▶ _THE PROBLEM_: Write out exactly the lines of the entries below from the one holding "Roma Boardroom Table Silver Leg - Image 6" to the one holding "China Dam ZULIN", inclusive, and leave out all other lines.

▶ _RECORDS SUPPLIED_:
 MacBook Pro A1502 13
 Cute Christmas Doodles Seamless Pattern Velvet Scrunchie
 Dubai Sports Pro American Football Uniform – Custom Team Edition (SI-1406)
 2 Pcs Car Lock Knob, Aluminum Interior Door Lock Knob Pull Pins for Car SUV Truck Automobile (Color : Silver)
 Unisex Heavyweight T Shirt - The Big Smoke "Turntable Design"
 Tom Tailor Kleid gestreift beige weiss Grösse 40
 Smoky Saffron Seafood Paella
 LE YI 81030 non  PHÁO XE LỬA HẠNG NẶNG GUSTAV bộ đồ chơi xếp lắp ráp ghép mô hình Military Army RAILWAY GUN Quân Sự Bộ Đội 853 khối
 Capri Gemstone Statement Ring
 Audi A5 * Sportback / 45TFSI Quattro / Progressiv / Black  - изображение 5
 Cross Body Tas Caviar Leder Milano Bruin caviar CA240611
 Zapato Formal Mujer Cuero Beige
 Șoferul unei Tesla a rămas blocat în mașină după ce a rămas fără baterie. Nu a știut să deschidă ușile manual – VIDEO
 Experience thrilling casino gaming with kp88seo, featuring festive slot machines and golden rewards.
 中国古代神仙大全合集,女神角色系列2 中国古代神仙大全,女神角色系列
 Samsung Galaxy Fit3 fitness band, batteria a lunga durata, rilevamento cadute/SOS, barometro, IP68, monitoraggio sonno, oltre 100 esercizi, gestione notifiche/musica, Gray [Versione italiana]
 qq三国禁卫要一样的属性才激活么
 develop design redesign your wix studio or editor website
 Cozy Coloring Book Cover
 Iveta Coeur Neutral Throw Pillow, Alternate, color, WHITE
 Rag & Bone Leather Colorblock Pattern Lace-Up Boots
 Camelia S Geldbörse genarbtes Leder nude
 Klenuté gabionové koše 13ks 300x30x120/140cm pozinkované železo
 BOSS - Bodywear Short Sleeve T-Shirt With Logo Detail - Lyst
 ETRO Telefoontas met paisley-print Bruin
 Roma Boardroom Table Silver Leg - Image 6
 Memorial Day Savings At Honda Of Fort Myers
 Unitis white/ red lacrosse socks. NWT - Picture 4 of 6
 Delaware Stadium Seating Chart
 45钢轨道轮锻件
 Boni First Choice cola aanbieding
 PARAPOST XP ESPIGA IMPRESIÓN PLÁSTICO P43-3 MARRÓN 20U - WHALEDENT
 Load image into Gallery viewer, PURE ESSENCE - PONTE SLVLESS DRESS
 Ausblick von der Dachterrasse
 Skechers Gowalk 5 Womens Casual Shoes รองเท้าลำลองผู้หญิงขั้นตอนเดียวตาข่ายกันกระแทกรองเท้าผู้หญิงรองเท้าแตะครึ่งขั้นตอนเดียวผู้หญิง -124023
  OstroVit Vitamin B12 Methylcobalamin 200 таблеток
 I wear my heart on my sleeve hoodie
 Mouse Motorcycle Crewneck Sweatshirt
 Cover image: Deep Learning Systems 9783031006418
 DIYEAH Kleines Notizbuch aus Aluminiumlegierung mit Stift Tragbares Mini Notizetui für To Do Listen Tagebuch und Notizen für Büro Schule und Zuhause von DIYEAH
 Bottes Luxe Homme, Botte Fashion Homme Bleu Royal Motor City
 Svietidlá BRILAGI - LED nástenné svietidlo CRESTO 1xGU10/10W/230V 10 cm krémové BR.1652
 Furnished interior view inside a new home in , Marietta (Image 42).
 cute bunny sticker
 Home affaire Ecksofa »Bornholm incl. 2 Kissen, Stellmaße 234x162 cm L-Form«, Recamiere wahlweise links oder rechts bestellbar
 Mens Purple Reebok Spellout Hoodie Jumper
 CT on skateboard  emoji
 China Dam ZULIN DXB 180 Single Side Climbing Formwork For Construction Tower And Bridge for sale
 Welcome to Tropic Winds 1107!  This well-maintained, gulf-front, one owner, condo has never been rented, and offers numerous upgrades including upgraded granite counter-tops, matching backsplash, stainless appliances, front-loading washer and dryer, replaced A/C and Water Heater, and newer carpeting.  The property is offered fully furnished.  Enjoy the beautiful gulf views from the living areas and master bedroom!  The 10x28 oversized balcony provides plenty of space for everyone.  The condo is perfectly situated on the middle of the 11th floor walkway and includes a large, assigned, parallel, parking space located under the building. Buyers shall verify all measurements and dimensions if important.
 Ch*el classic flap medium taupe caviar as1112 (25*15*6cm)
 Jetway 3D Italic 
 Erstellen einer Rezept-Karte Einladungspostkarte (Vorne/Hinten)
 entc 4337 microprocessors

▶ _TASK RESPONSE_:
 Roma Boardroom Table Silver Leg - Image 6
 Memorial Day Savings At Honda Of Fort Myers
 Unitis white/ red lacrosse socks. NWT - Picture 4 of 6
 Delaware Stadium Seating Chart
 45钢轨道轮锻件
 Boni First Choice cola aanbieding
 PARAPOST XP ESPIGA IMPRESIÓN PLÁSTICO P43-3 MARRÓN 20U - WHALEDENT
 Load image into Gallery viewer, PURE ESSENCE - PONTE SLVLESS DRESS
 Ausblick von der Dachterrasse
 Skechers Gowalk 5 Womens Casual Shoes รองเท้าลำลองผู้หญิงขั้นตอนเดียวตาข่ายกันกระแทกรองเท้าผู้หญิงรองเท้าแตะครึ่งขั้นตอนเดียวผู้หญิง -124023
  OstroVit Vitamin B12 Methylcobalamin 200 таблеток
 I wear my heart on my sleeve hoodie
 Mouse Motorcycle Crewneck Sweatshirt
 Cover image: Deep Learning Systems 9783031006418
 DIYEAH Kleines Notizbuch aus Aluminiumlegierung mit Stift Tragbares Mini Notizetui für To Do Listen Tagebuch und Notizen für Büro Schule und Zuhause von DIYEAH
 Bottes Luxe Homme, Botte Fashion Homme Bleu Royal Motor City
 Svietidlá BRILAGI - LED nástenné svietidlo CRESTO 1xGU10/10W/230V 10 cm krémové BR.1652
 Furnished interior view inside a new home in , Marietta (Image 42).
 cute bunny sticker
 Home affaire Ecksofa »Bornholm incl. 2 Kissen, Stellmaße 234x162 cm L-Form«, Recamiere wahlweise links oder rechts bestellbar
 Mens Purple Reebok Spellout Hoodie Jumper
 CT on skateboard  emoji
 China Dam ZULIN DXB 180 Single Side Climbing Formwork For Construction Tower And Bridge for sale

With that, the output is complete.